# Mushroom Roof Vent do you have one?



## tattytony

I am looking for feedback from anyone that might have one of these mushroom vents fitted to their MH in the last five years, does your one leak or cause problems if so how what and why :? 

For those that have not read my ongoing problems this is an option offered to resolve a draft and rain ingress problem :x 

Many Thanks in Advance :wink:


----------



## spatz1

i think i have 2 in the sleeping area and 1 in the shower room....
mine are like a roughly 6 inch pipe with a pop up dome shaped cowel and have revearsable fans in and i ve always called them mushroom /pop up vents.....

hopefully from my description you can tell if they are somewhat like the one they propose to fit on your van, and if they are... they dont leak at upper motorway speed in heavy rain or stood...
can do a picture if you want...


----------



## tattytony

Anyone Please :?:


----------



## centrefire

*Dodgy cowel*

I have one fitted from new on my 2004 Rimor. Everything was ok until July of this year when I was parked up in Normandy during a Thunderstorm. Luckily enough it was daytime and a torrent of rainwater poured all over my cooker and worktop. Panic ensued and I had no choice only to brave the elements and climb onto the roof and investigate the source of the problem. I was parked level and i could see a pool of water lodged around the base of the extractor pipe on top of which was the cowl. I discovered that the cowel had worked itself upwards and allowed water to ingress. I Pushed it into place and that fixed the problem. There did'nt seem to be any adhesive or sealant holding on the cowel just a tight fit so i would advise each member with such a set up to check for a loose fit especially if your pride and joy is parked up for the winter. I was lucky that the camper was in use at the time or I would have a mobile swimming pool.


----------



## gerardjanice

We have a dometic cooker hood with a mushroom type vent/dome on the roof. 6 years no problems even with pressure washers.


----------



## tattytony

gerardjanice said:


> We have a dometic cooker hood with a mushroom type vent/dome on the roof. 6 years no problems even with pressure washers.
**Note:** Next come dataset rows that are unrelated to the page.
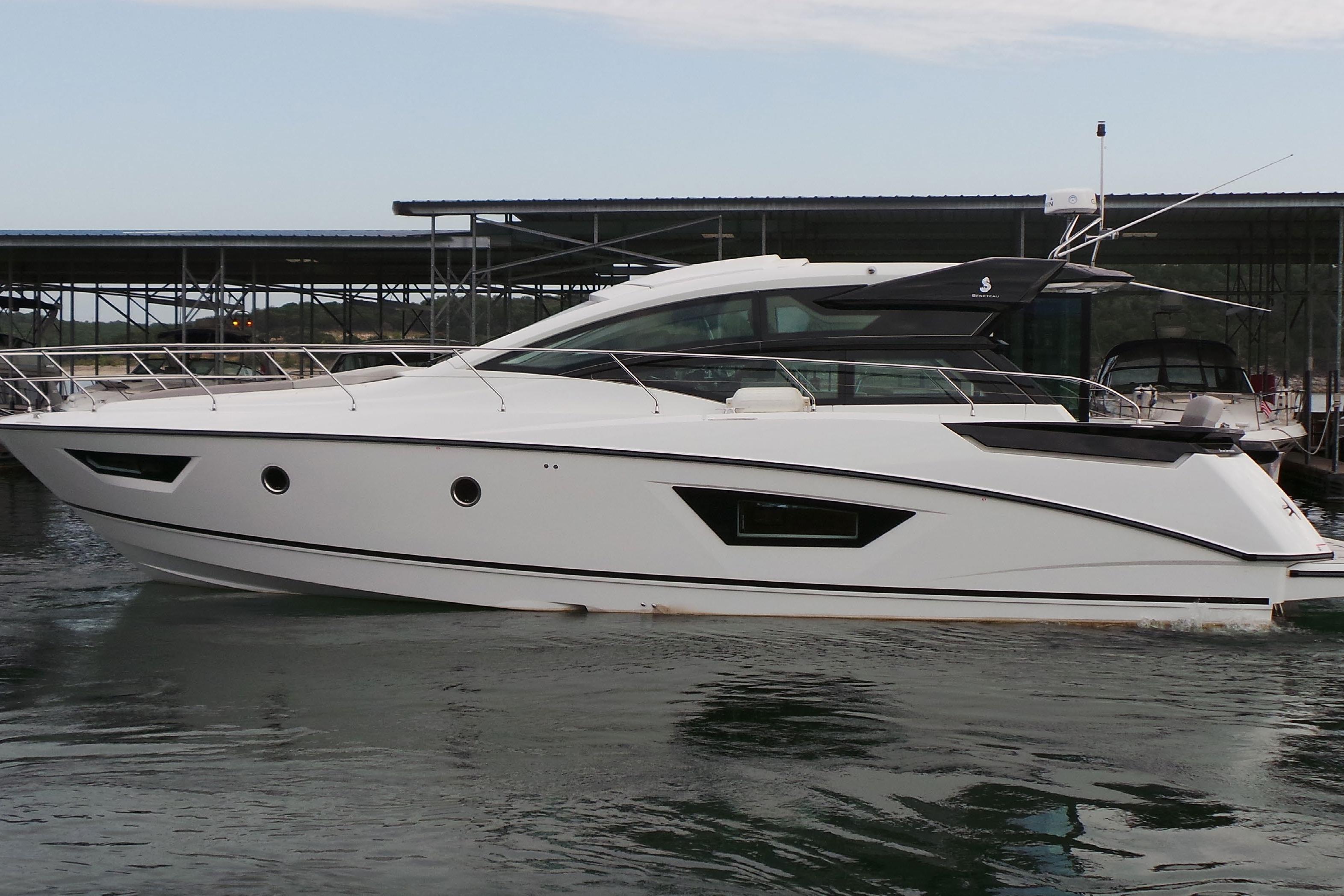 2019 Beneteau Gran Turismo 46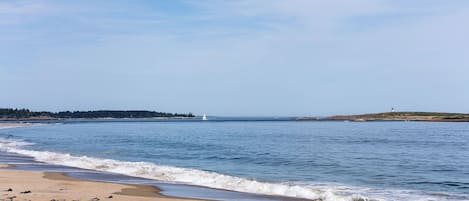 Am Strand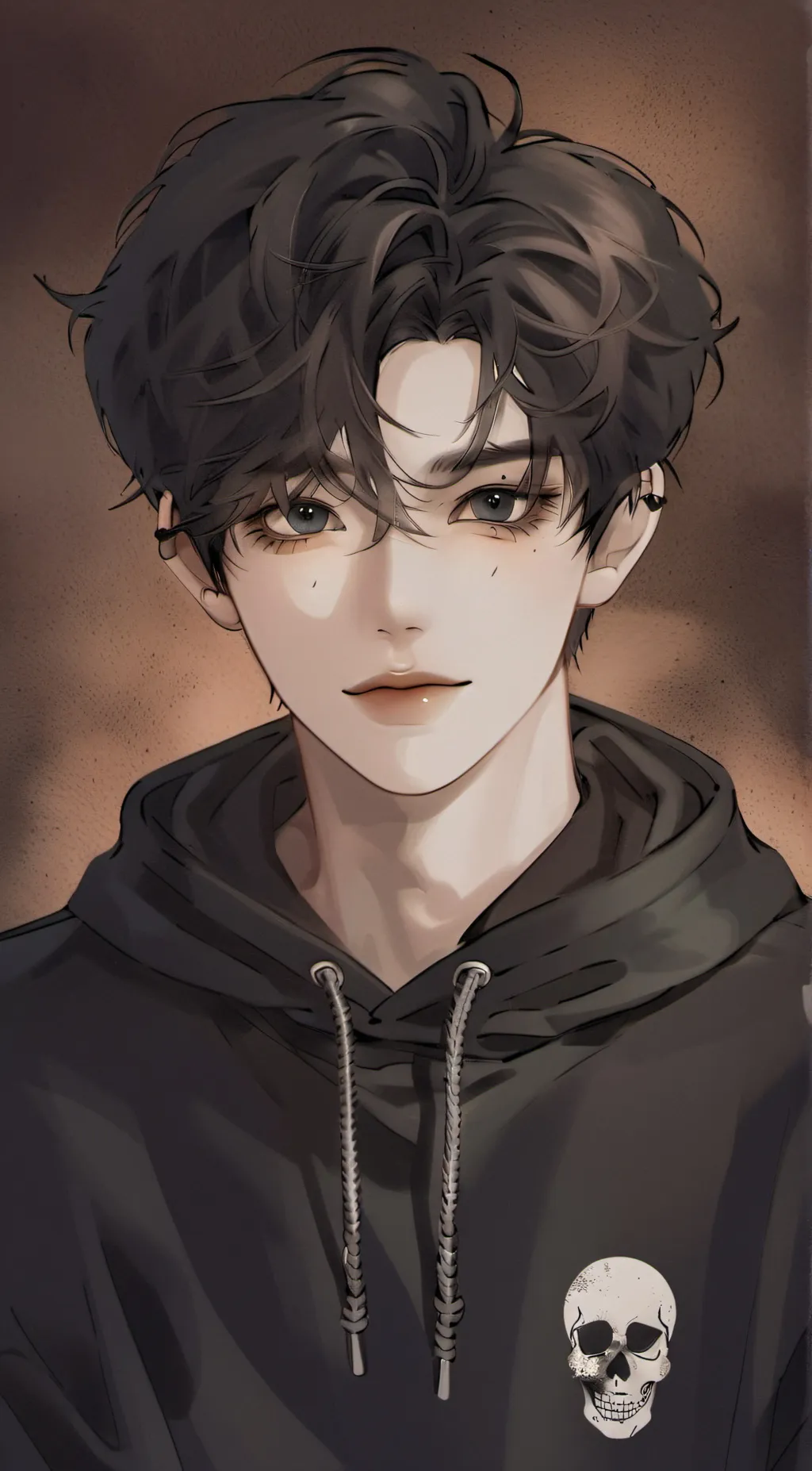 ai character: Ethan background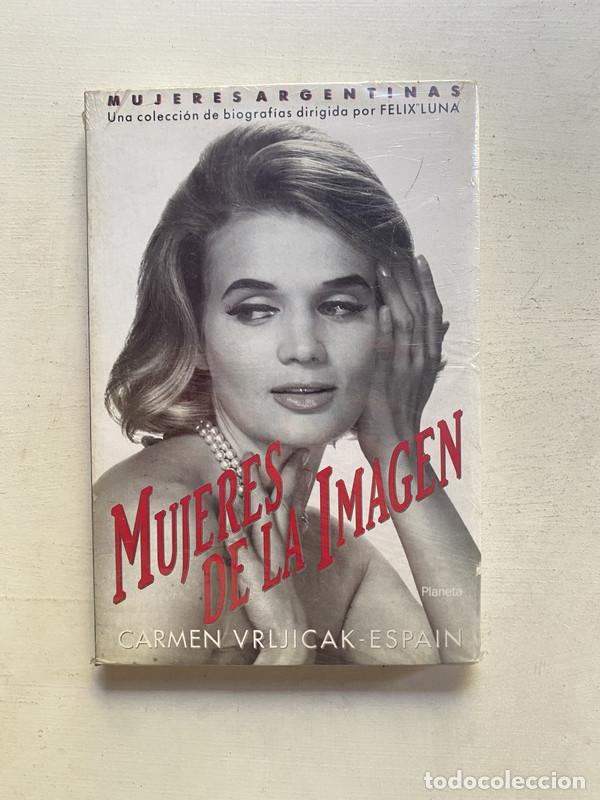 Gebrauchte B&uuml;cher: Mujeres de la imagen - Vrljicak-Espain Carmen
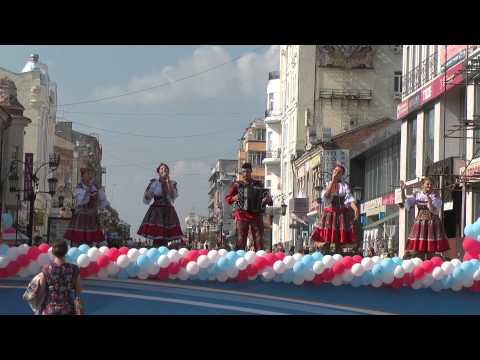 народный ансамбль песни Калина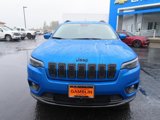 Used 2021 Jeep Cherokee Latitude Plus image 2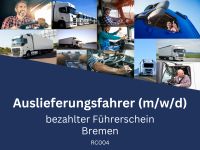 Auslieferungsfahrer - bezahlter Führerschein zum LKW-Fahrer #RC4 Niedersachsen - Weyhe Vorschau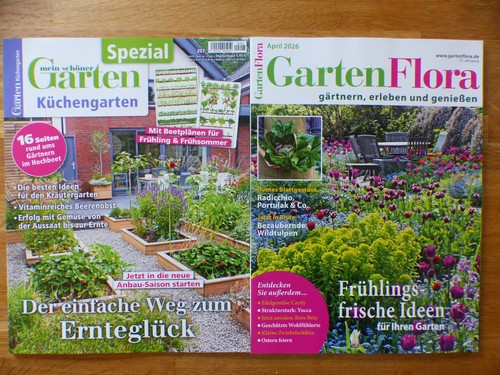 Zeitschriften mein schöner - zeitschriften,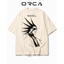 Áo thun Orca in hình Zaraki Kenpachi Bleach - Vải Cotton cao cấp - ORCA498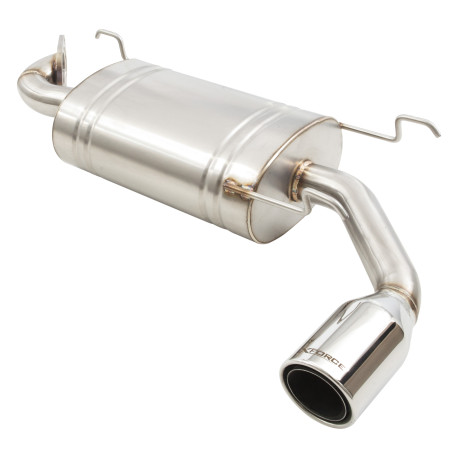 XFORCE KIPUFOGÓRENDSZER XFORCE 57 mm axle-back kipufogórendszer MAZDA MX5 NB 1998-2005-höz | race-shop.hu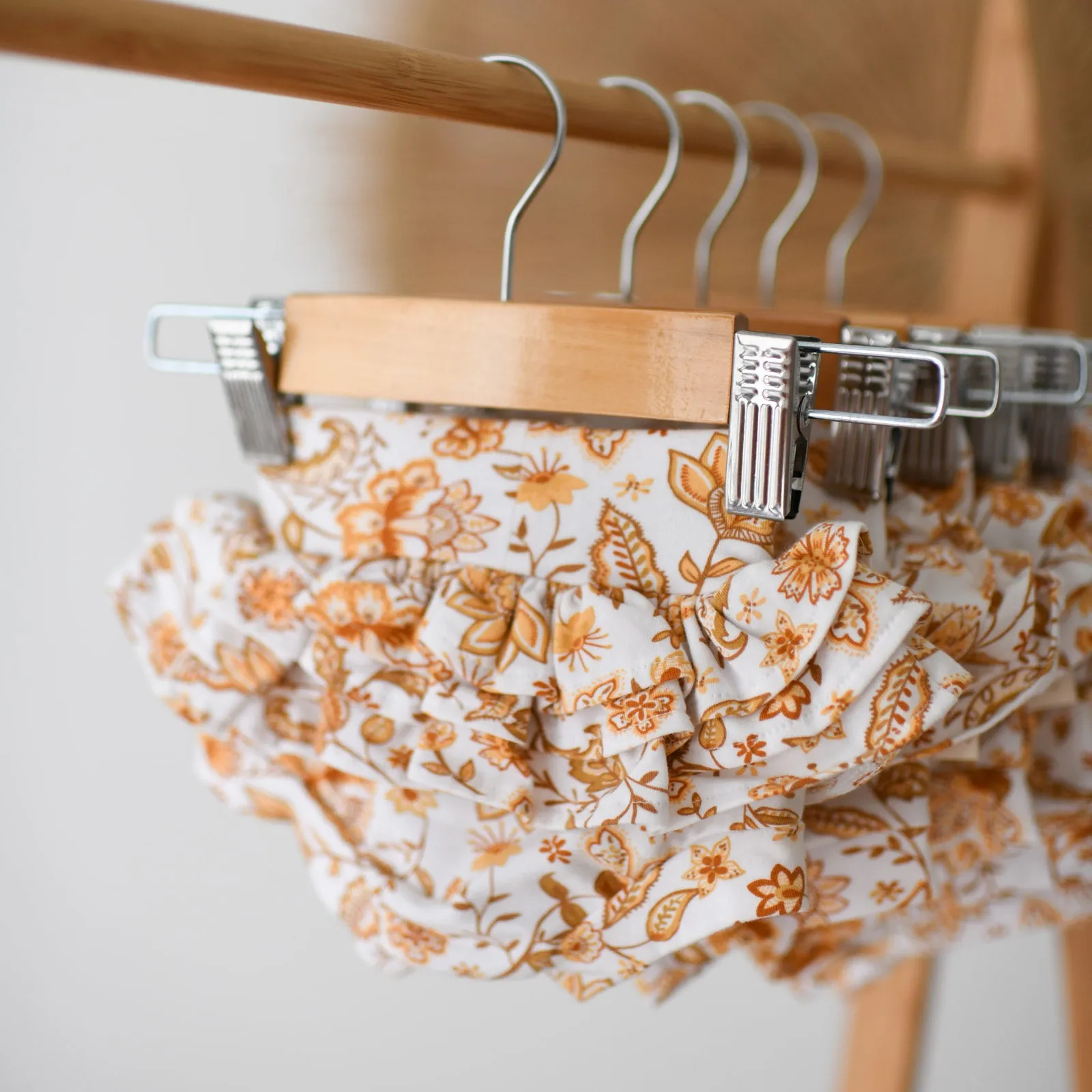 BOHEME organic cotton high waisted bloomers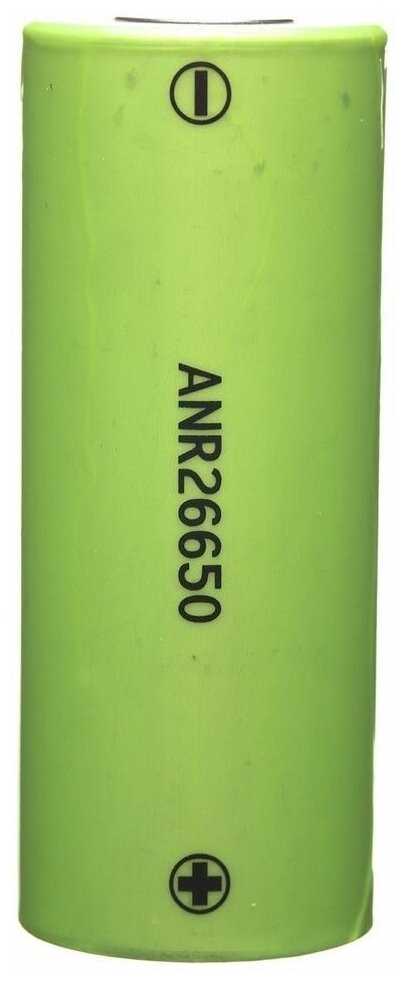 A123 Systems ANR26650M1B (2500mAh)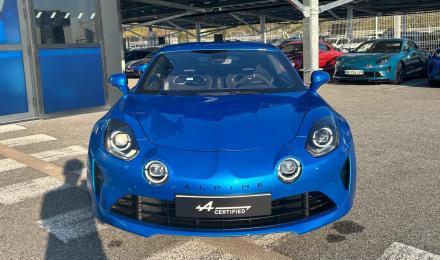 Alpine A110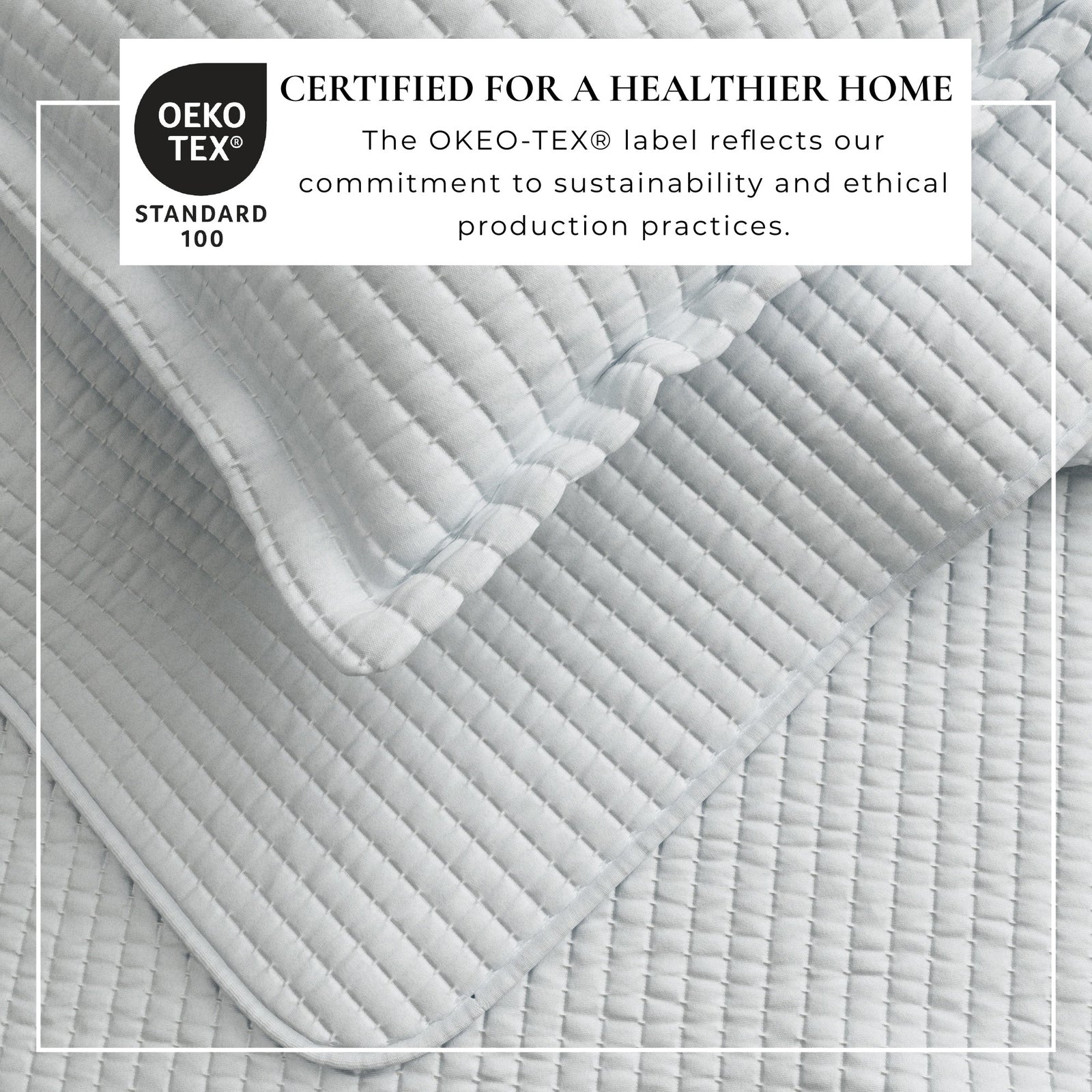 3-Piece Solid Quilt - Alicia Collection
Its starting to sound ok but still could do with a few more points of view :wink:


----------



## tattytony

Surley there must be more than 2 people on MHF that have a mushroom vent, if not perhaps its a bad thing 8O


----------



## SNandJA

tattytony said:


> Surley there must be more than 2 people on MHF that have a mushroom vent, if not perhaps its a bad thing 8O


Is this what you mean?
Roof vent

Worth scrolling down to read reviews and some other similar products further down the page... it also misses a fly screen in the illustration which may be included I guess but would be worth checking for.

I have something similar venting the shower/toilet area. It doesn't seem to leak in the three years we have had the van. However I was cleaning the roof the other day and decided that sealant (where the inside vent assembly comes through the roof) seemed to be showing signs of age and have made resolution to reseal or probably replace the cowl assembly given the apparent low cost of the product shown. Currently looking for other possibilities at two local suppliers.

So to answer your question they probably do what they were designed to do but if you are near a marine supplier (we have a canal nearby with a chandler on the canalside) then you could look at the equivalent that they would supply perhaps? I'm guessing from the first post you made that you are installing one from scratch to solve some other issue, rather than a straight replacement?

Another link

Mushroom Vent listed as " caravan, motorhome & marine"

Steve


----------



## tattytony

Thanks Steve

Yes that looks like the one they are proposing to fit to the roof, I am just a bit worried about the potential that it might let in rain water when driving :?


----------



## SNandJA

tattytony said:


> Thanks Steve
> 
> Yes that looks like the one they are proposing to fit to the roof, I am just a bit worried about the potential that it might let in rain water when driving :?


Never had any indication of this happening with us. Only way perhaps this could happen with one fit for purpose would be if an airflow was created while travelling perhaps, in our case this would probably mean travelling with the "bathroom" window open, sucking a mixture of air and water from the airflow going along the roof. There must be thousands of these fitted to caravans and motorhomes and the topic of them leaking while travelling doesn't seem to turn up?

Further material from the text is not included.